That’s Not Her Father

Credit where it’s due, Oklahoma has joined Missouri as the lone red states drawing a hard line against child marriage. Meaning you have to be 18 to get married, no exceptions.

Was there objection? Yes. Oklahoma’s senate passed the measure unanimously, but the House passed it by only 51-36.

Did 100% of the opposition come from Republicans? Also yes.

But the Republican governor signed it into law, right? Um, no. Governor Stitt “declined to take a position on the measure.” Charming. I thought a governor had to sign a bill into law in all states, but apparently, at least in Oklahoma a law can still take effect if the governor merely wusses out.

I mentioned Missouri. Just last year, it became the first red state to remove all the parental or emancipation excuses and exceptions from an 18-year minimum. I suspect accumulated shame had a little to do with it. Check out this excerpt from a Kansas City Star report published over 2018-2019:

Missouri is a destination wedding spot — for 15-year-old brides
“A review of some 50,000 marriage licenses shows how Missouri’s lax law has for years turned the state into a destination wedding spot for 15-year-old child brides, often rushing to get married,” the Star reported. “Some traveled up to 1,800 miles to Missouri, from as far off as Oregon, Idaho, Utah, Florida.”

Numbers-wise, this is not a trivial matter. Unicef reports that more than 200,000 minors were married in the U.S. in 2000-2015. When I was growing up, Unicef was the organization that made the little boxes we’d put coins into in Sunday School, to help disadvantaged children overseas. Now they’re having to spend resources updating on the fight against American men marrying little girls. It’s humiliating.

Party Lines
Blue states don’t get out of this with clean hands. It’s also humiliating to know that until 2018, no state had a no-exceptions 18-year-old law. Delaware became the first that year.

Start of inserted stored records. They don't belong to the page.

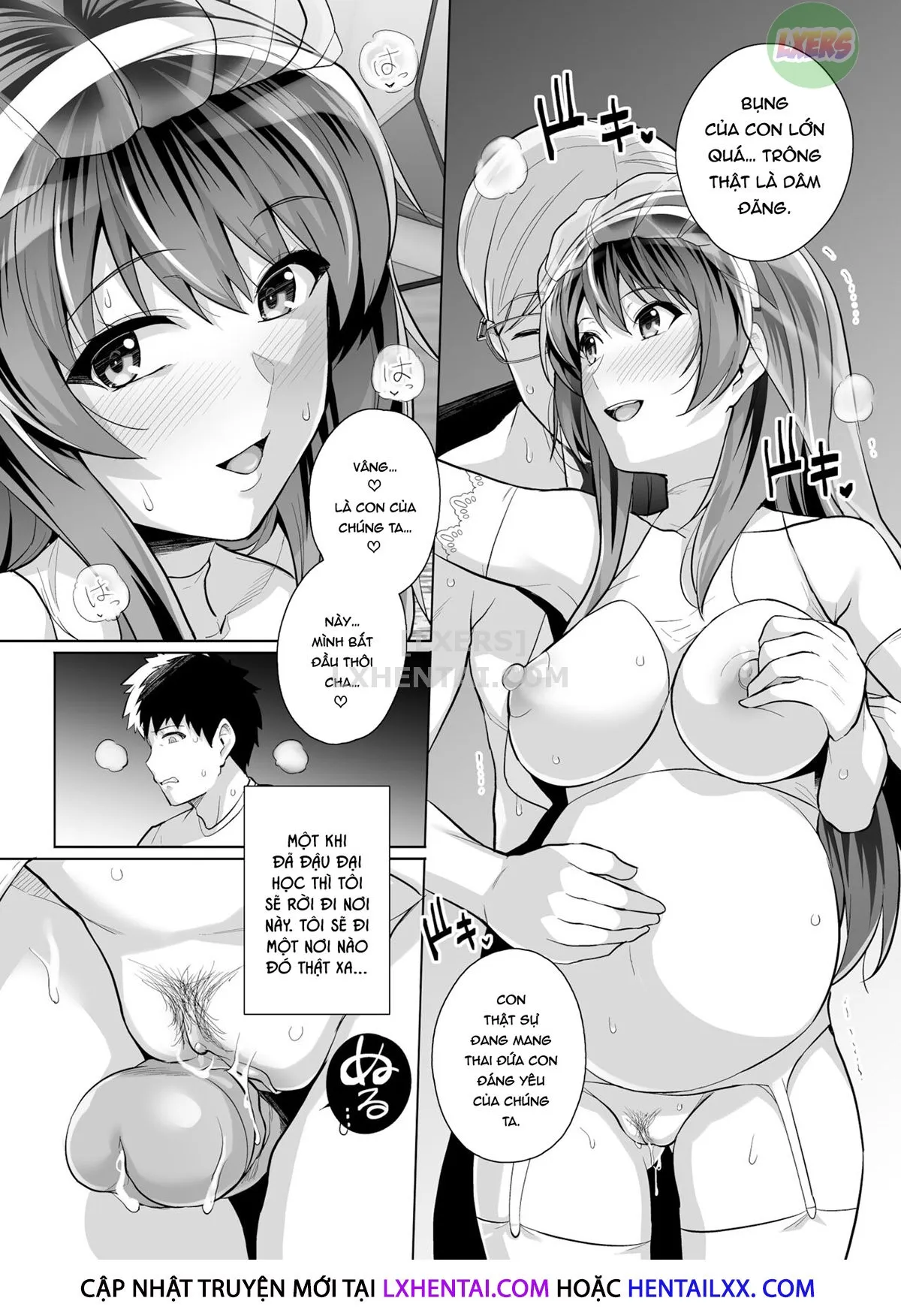 HentaiVN.net - Ảnh 13 - Ane wa Oyaji ni Dakareteru [My Sister Sleeps With My Dad] - Chap 3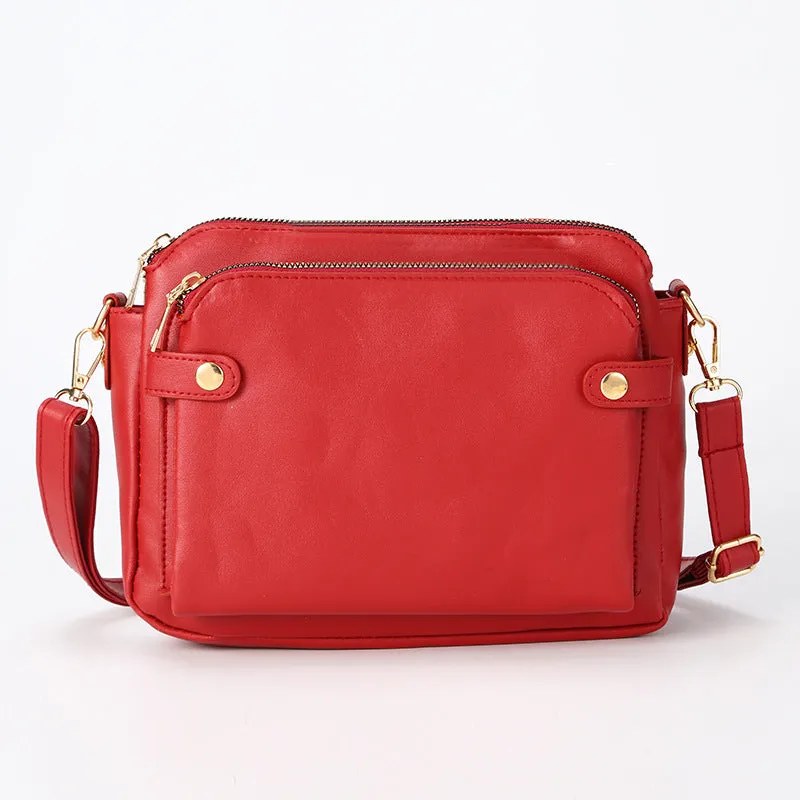 Elegant Leather Shoulder Bag for Women
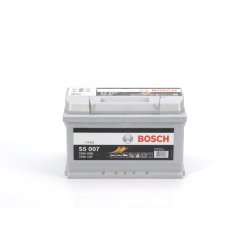 Batterie de démarrage BOSCH 0092S50070 pour ALFA ROMEO, AUDI, BENTLEY et plus encore... BOSCH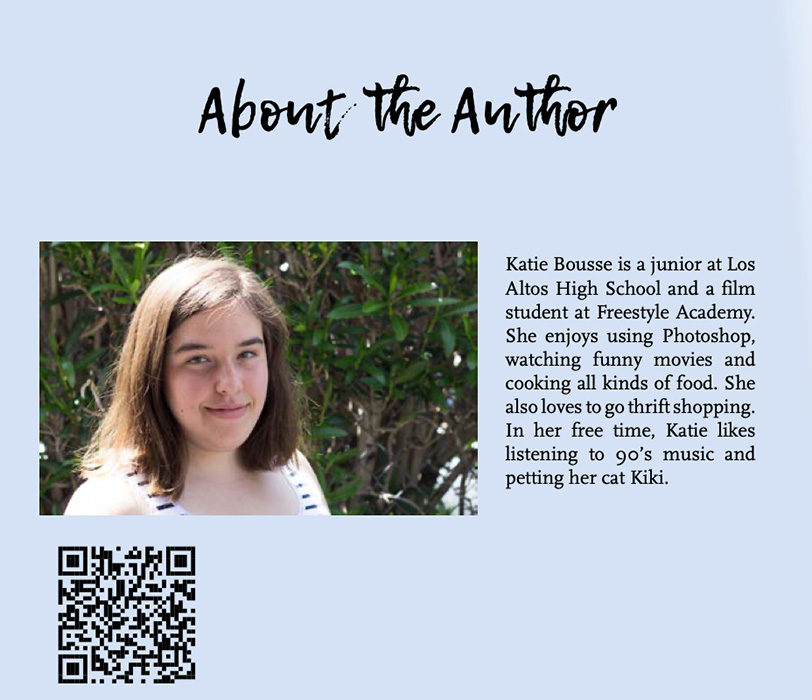 Book by Katherine Bousse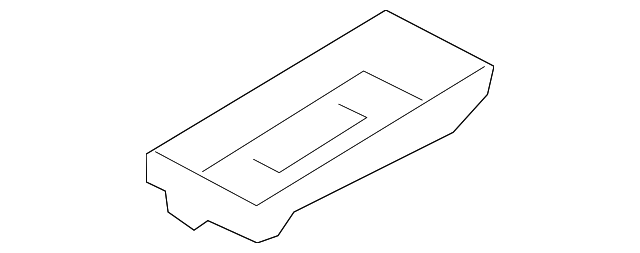 6977A897XA Деталь BEZEL, LEFT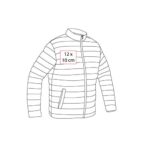 CHAMARRA NORFOLK NEGRO CHM 010 N-M (POLIÉSTER - NYLON) - Imagen 2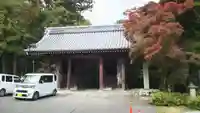 根香寺の山門・神門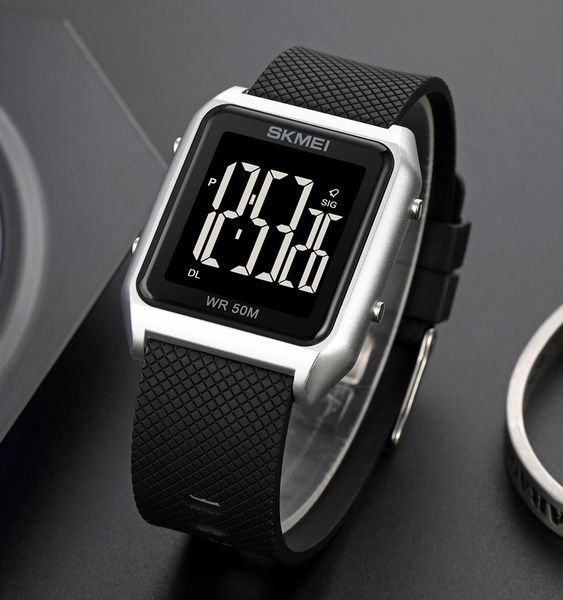 Skmei 1866SIBK Silver-Black 1080-1371 фото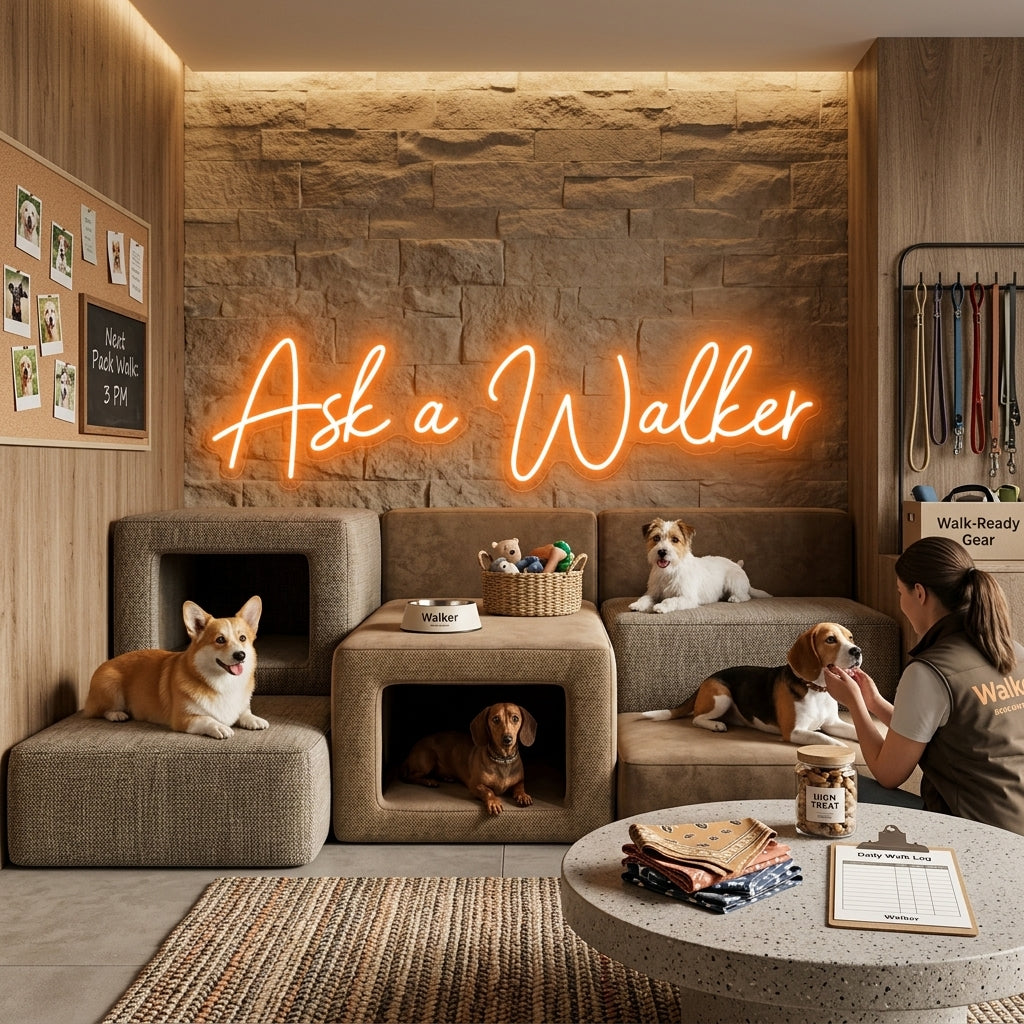Custom Neon: Ask a Walker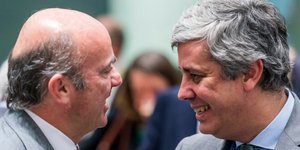 Φωτογραφία: O Mάριο Σεντένο και ο Λουίς Ντε Γκίντος/AP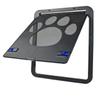 NJIEzhao Lockable Pet Door with Magnetic Screen for Dogs and Cats view 1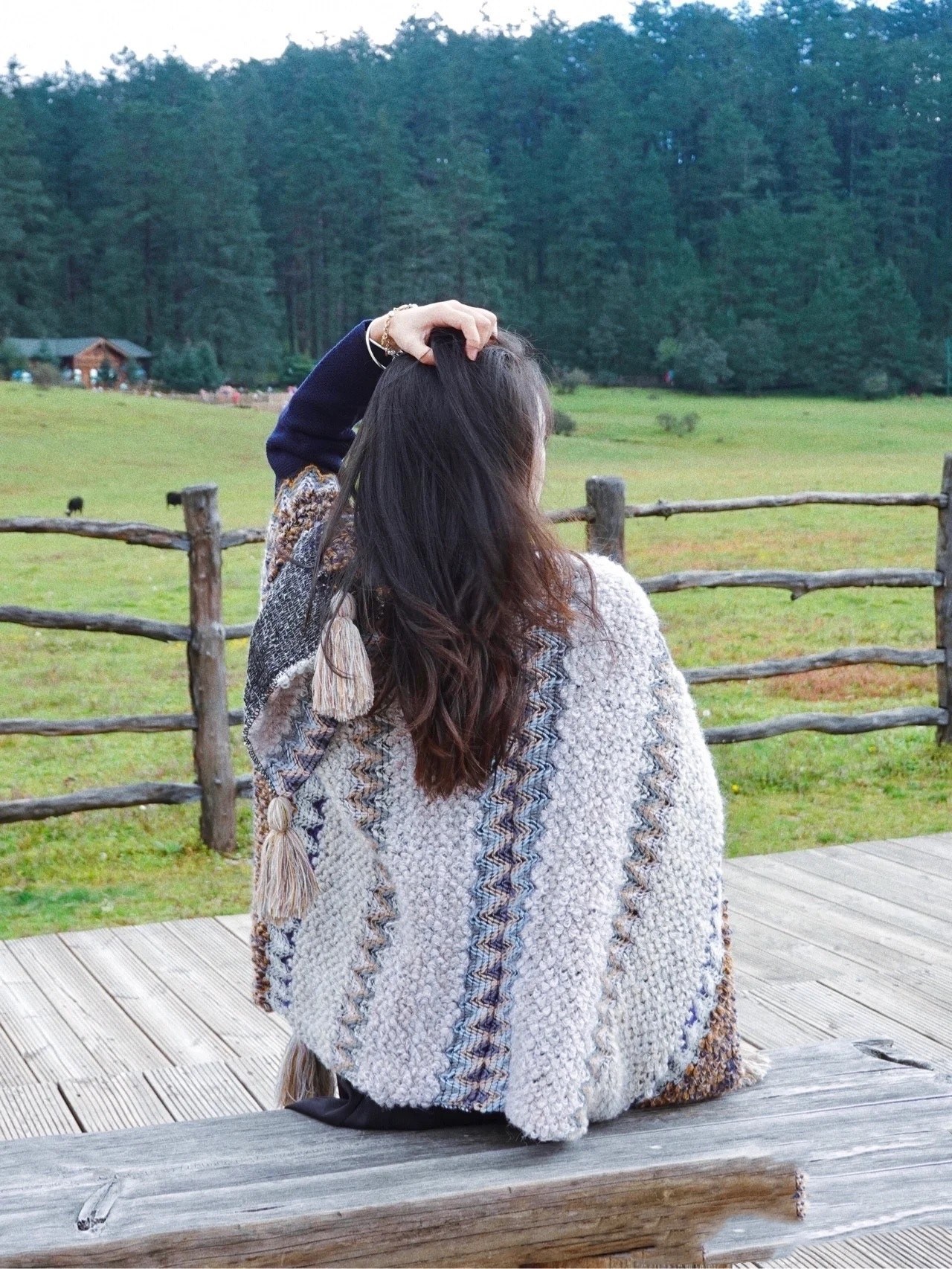 Ethnic Chic Women's Wrap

That opened the flood gates in blue states, and now 15 have the same requirement. Nine states and the District of Columbia have cleared this bar just since 2023.

I wish this weren’t a partisan issue, but this map tells a lot of the story. The purple states have passed ironclad 18-year-old minimums. Blue is 17, green is 16, yellow is 15, red is no absolute minimum (thanks to exceptions). Yes, California needs to get with the program.

It would take too long to discuss the years and years of right-wing opposition to eliminating child marriage in various state legislatures. Maybe a more consise way to look at the problem is to forget the laws and look at ongoing behavior: the actual child marriage rates.

Unchained At Last researched the busiest child-marrying states over the first 20 years of this century:

  1. Nevada
  2. Idaho
  3. Utah
  4. Kentucky
  5. Wyoming
  6. West Virginia
  7. Alabama
  8. Mississippi
  9. Tennessee
  10. Texas

In electoral college terms, that represents a 97-0 Republican shutout.

There’s no polite way to wrap this up. Let’s hope Oklahoma will shift the momentum in other red states. However, up to this point in our history, it’s fair to say that right-wing political leadership may frequently oppose child trafficking, but they’re pretty cool with the idea of picking just one and settling down.